X24 in the Fieldhouse Building
The midget submarine, HMS X24, is the only remaining example of a British X-craft that saw service during World War 2. She is a jewel in the nation's maritime heritage crown, and a permanent reminder of the extraordinary courage and sacrifice of earlier generations of submariners.

Following the success of other midget submarine raids in World War 2, X24 took part in two operations to penetrate Bergen harbour; the most heavily defended occupied Norwegian port.  The target was the Laksevaag floating dock, which was highly important because it was widely used by U-boats for repairs.

She weighs 27 tons and is 51 foot long. She has a beam of 5 feet, 9 inchs.  The purpose of the submarine was to penetrate harbours where full size submarines could not go.  X-24 had a diving depth of 300 feet and could travel at a speed of 6 knots on the surface or 5 underwater.  She had an endurance of 82 miles. A full size submarine would tow her to the area of operation.

The crew had primitive cooking facilities – they carried enough food and water for ten days at sea.  The submarine was powered by the same diesel engine as a London bus and used an electric motor when submerged.

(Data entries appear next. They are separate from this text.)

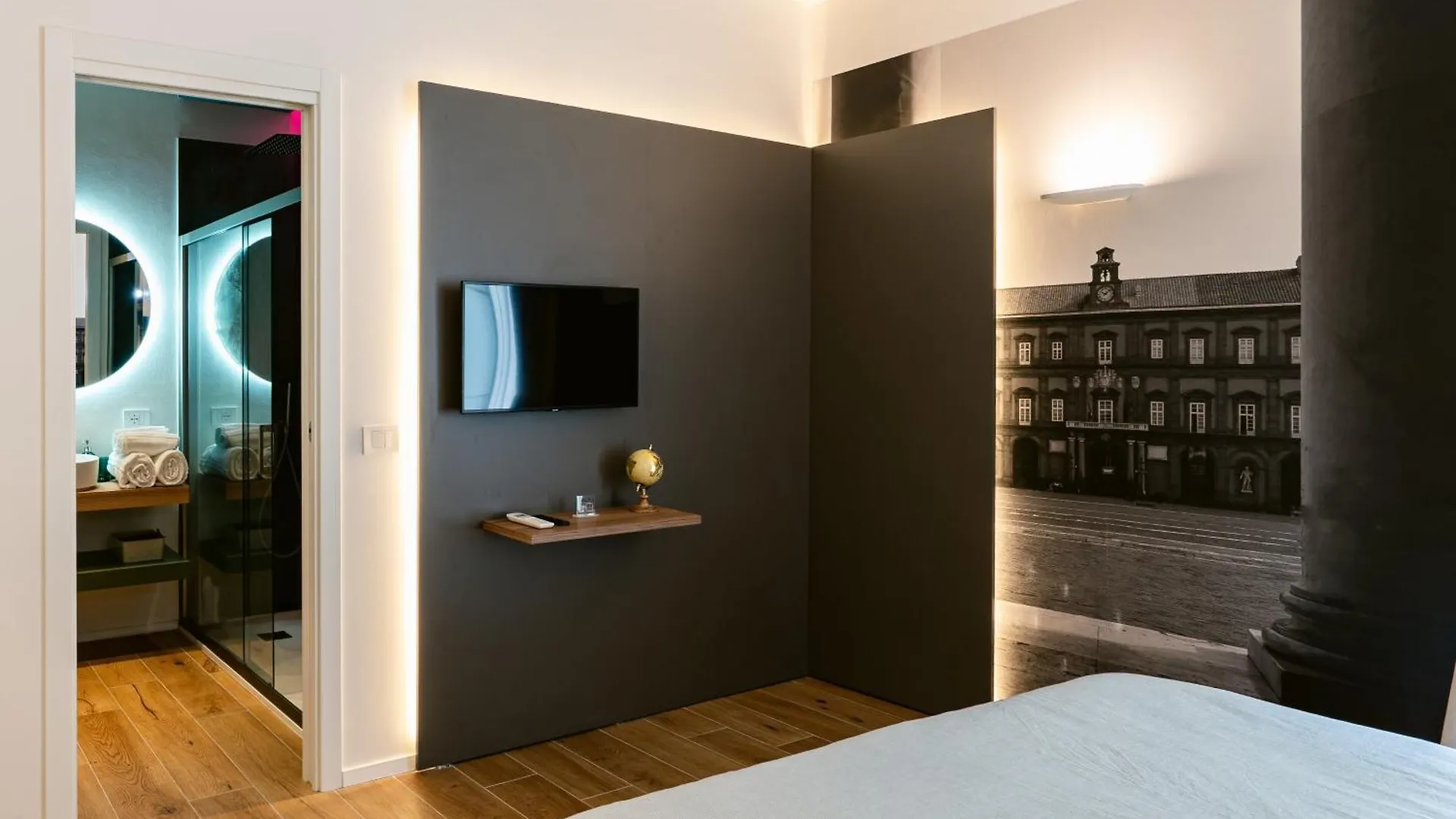 Nilo Relais A San Domenico Maggiore Naples 0*,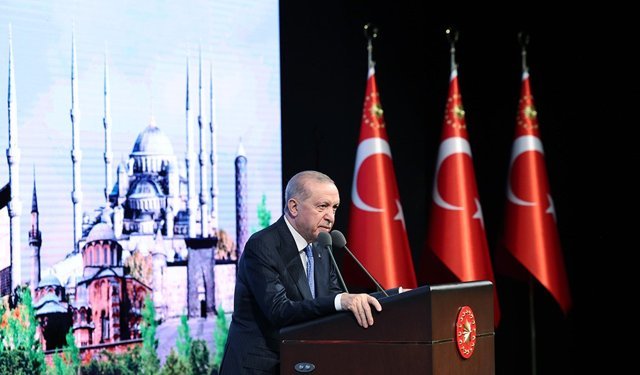 'İyilikte yarışanları desteklemeye devam edeceğiz'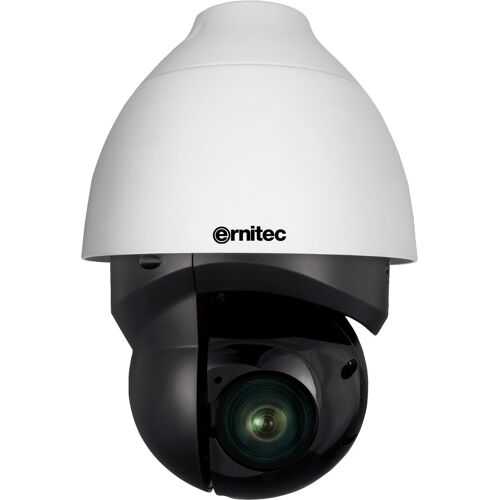 Ernitec 0070-05852IR caméra de sécurité Dôme Caméra de sécurité IP Intérieure et extérieure Plafond/Mur/Poteau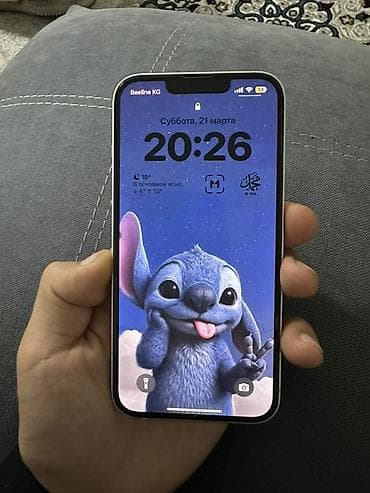 12 pro 512: IPhone 13, Белый — 6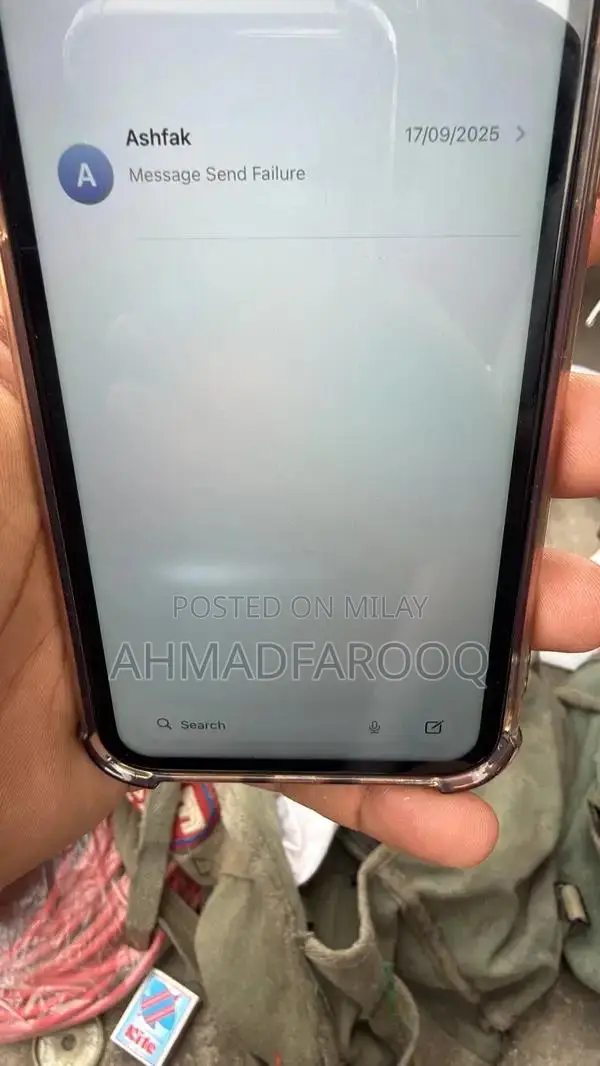 Apple Smartphone with Strong Battery Performance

X-24 had a crew of four who performed the following tasks:

  • Commanding Officer – navigation, attack, command
  • 2nd Lieutenant – navigation, hydroplanes
  • Diver – diving outside the boat and helm (steering)
  • Engine Room Artificer -  maintaining the engine and helm


In 2005, X24 was rehoused in the John Fieldhouse Building as part of a £3.1m major expansion of the Museum. A Heritage Lottery Fund award of nearly £2 million helped to finance the project.